Which describes the local balance of forces (Variational derivatives of energy) acting on a fluid with surface profile ψ(x), γ is the surface tension, the first two terms denote surface, gravity and other forces and the third term represents the van der Waals interaction energy.

Conclusion

We have measured the Hamaker constant of copper oxide thin films using experimental optical and surface energy data. Copper oxide films belong to the group of anti-stiction coatings that hold substantial promise for applications in micro-electromechanical (MEMS) devices and with shrinking dimensions on the nanometre scale and nano electromechanical (NEMS) devices.
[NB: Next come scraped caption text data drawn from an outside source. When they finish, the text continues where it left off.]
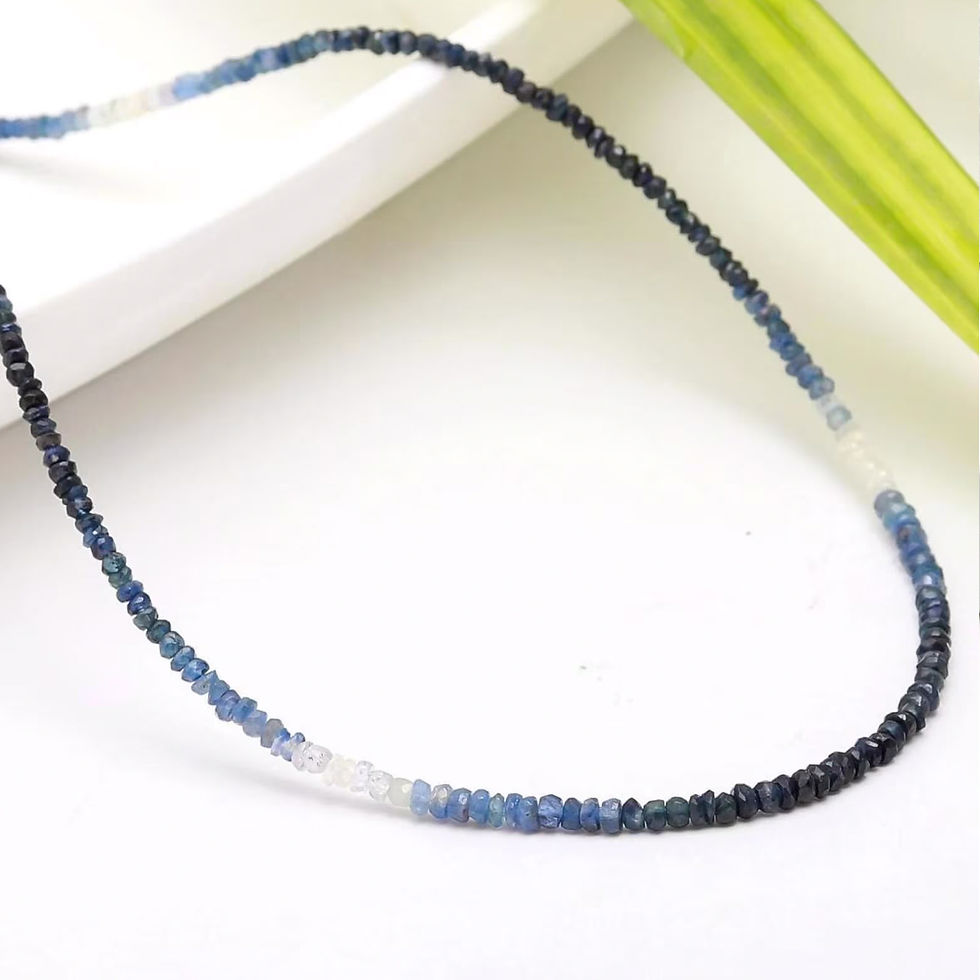 Thumbnail: 14K Gold Plated Silver Necklace with Shaded Blue Real Sapphire Stone - NGS00105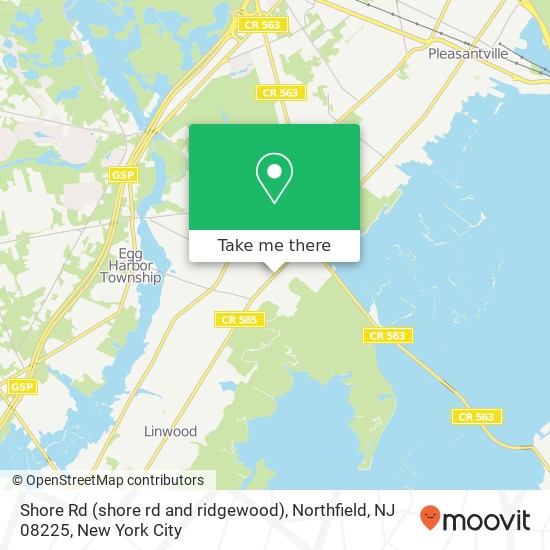 Mapa de Shore Rd (shore rd and ridgewood), Northfield, NJ 08225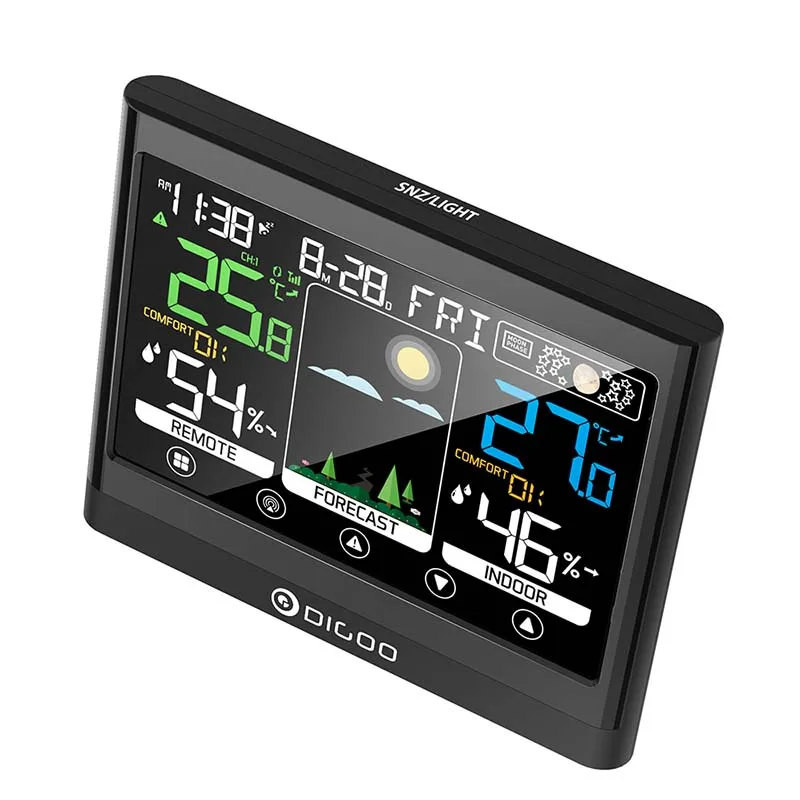 Метеостанция Digoo DG-TH8622 беспроводная с цветным экраном USB уличная гигрометр
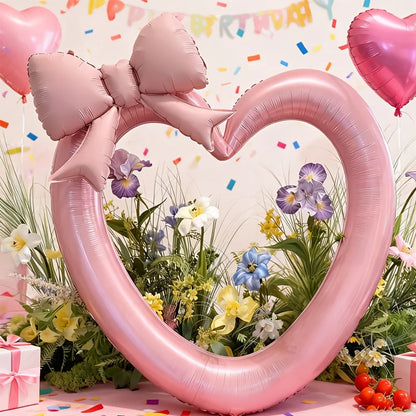 Pink Hollow Heart & Bow Foil Balloons for Birthday, Valentine’s Day & Shower Décor
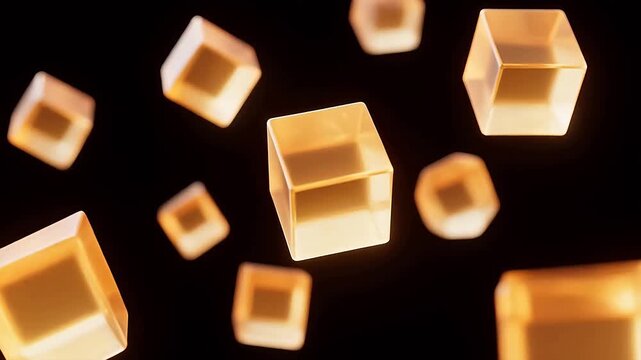 Glowing golden cubes floating in dark space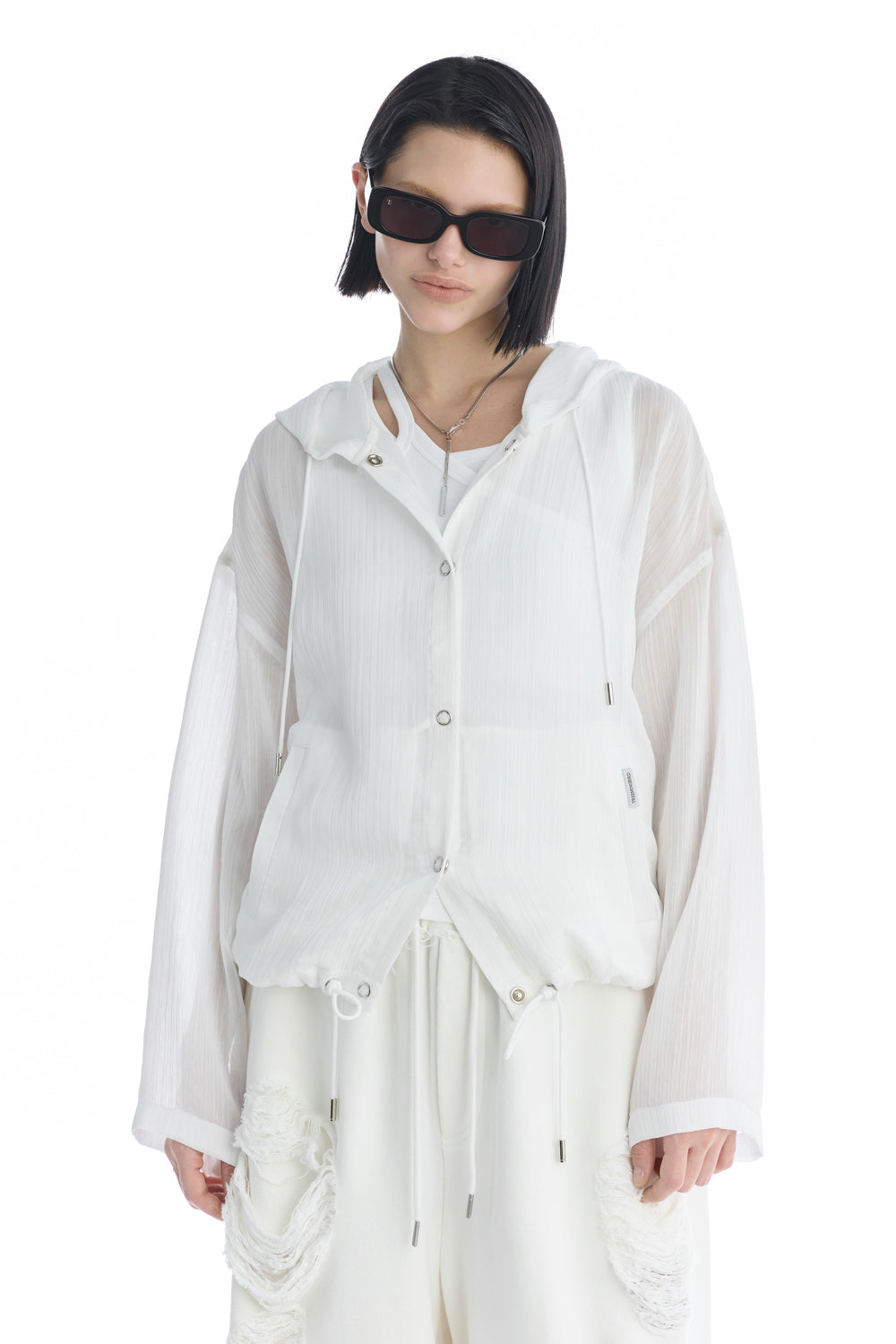 Treemingbird Sheer Hooded Snap Jacket White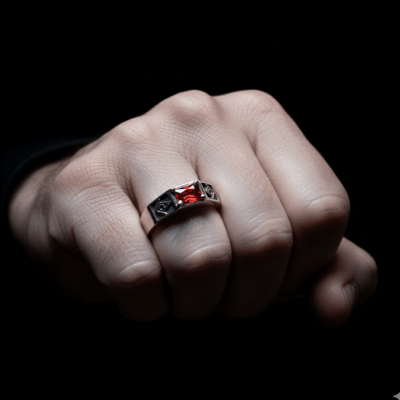 Maçonaria – Anel Sinete Retangular Esquadro e Compasso com Zircônia Vermelha em Prata 925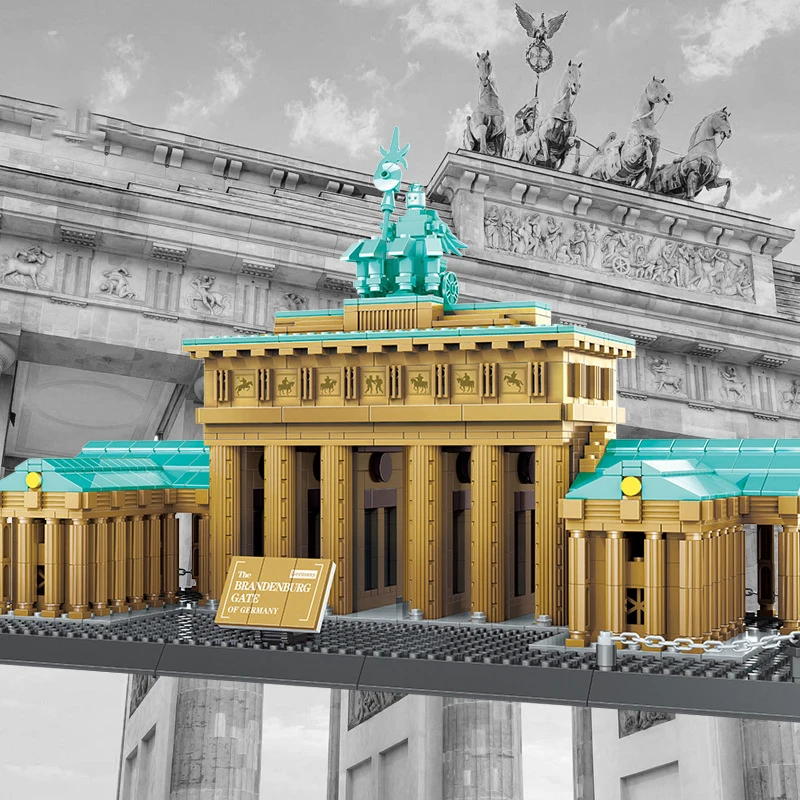 Duitsland Berlijn Brandenburg Gate Bouwsteen Wereldberoemde Historische Architectuur Model Bricks Speelgoed Collectie Voor Kinderen Geschenken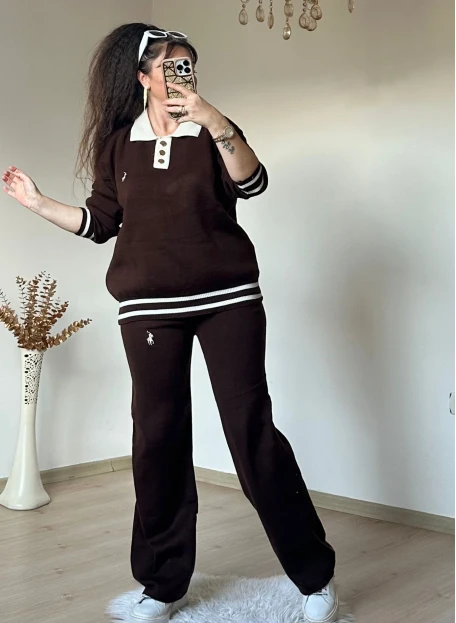 Gold Düğmelı Trıko Takım Kahve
We observed a much better agreement in the range of Hamaker constant values obtained between the limited Lifshitz approach and the Tabor–Winterton approximation (TWA), compared to those obtained through surface energy measurements. The Hamaker constants evaluated based on surface energy have much lower values. This difference is to be expected since the surface energy was evaluated from contributions due to the three liquids used i.e. water, ethylene glycol, and diiodomethane. The use of three liquids namely water, ethylene glycol and diiodomethane also requires the use of combining rules such as the geometric mean approximation for evaluating the surface energies as earlier stated in this paper, that will affect the values of Hamaker constant calculated from the surface energy measurements. However, it is our opinion that the three methods adopted in this paper, have substantial advantages over the use of the Atomic force microscope (AFM) to determine the Hamaker constant. The challenges with using the AFM to determine the Hamaker constant include, cantilever tip-surface interaction, surface deformation, van der Waals induced jump contact, cantilever mechanics and velocity, all of which can introduce uncertainties in the determination of the Hamaker constant using the AFM. The approximate Lifshitz theory using ellipsometry data is less prone to uncertainties in measurements compared to the other two methods we used and to the AFM approach used by others in the literature. It will be a more suitable technique for measuring the Hamaker constant on the surface of anti-stiction coatings to be used on MEMS, NEMS and other nano-systems where stiction will pose a performance challenge now and in the future.